◆ What this task involves ◆
Beginning with the first line below, please repeat the material exactly, ending with the line that includes "Lake Charles tide".

________________

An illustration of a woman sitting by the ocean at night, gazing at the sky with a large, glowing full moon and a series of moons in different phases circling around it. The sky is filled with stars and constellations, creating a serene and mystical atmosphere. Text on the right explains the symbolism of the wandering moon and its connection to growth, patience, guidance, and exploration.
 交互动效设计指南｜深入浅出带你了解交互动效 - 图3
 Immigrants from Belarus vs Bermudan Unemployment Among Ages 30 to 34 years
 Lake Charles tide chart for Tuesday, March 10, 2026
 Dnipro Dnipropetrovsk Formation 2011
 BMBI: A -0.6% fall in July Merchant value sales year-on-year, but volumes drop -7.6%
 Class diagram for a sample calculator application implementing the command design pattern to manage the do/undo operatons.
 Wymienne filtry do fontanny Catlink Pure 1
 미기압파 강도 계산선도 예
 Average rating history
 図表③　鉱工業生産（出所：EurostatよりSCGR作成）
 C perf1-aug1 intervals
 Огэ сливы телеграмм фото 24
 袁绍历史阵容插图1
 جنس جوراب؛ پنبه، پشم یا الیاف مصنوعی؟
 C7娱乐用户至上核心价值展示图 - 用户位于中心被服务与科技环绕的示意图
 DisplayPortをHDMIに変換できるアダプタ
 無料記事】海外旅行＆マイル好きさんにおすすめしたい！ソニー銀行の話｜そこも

________________

◆ Response to this task ◆
An illustration of a woman sitting by the ocean at night, gazing at the sky with a large, glowing full moon and a series of moons in different phases circling around it. The sky is filled with stars and constellations, creating a serene and mystical atmosphere. Text on the right explains the symbolism of the wandering moon and its connection to growth, patience, guidance, and exploration.
 交互动效设计指南｜深入浅出带你了解交互动效 - 图3
 Immigrants from Belarus vs Bermudan Unemployment Among Ages 30 to 34 years
 Lake Charles tide chart for Tuesday, March 10, 2026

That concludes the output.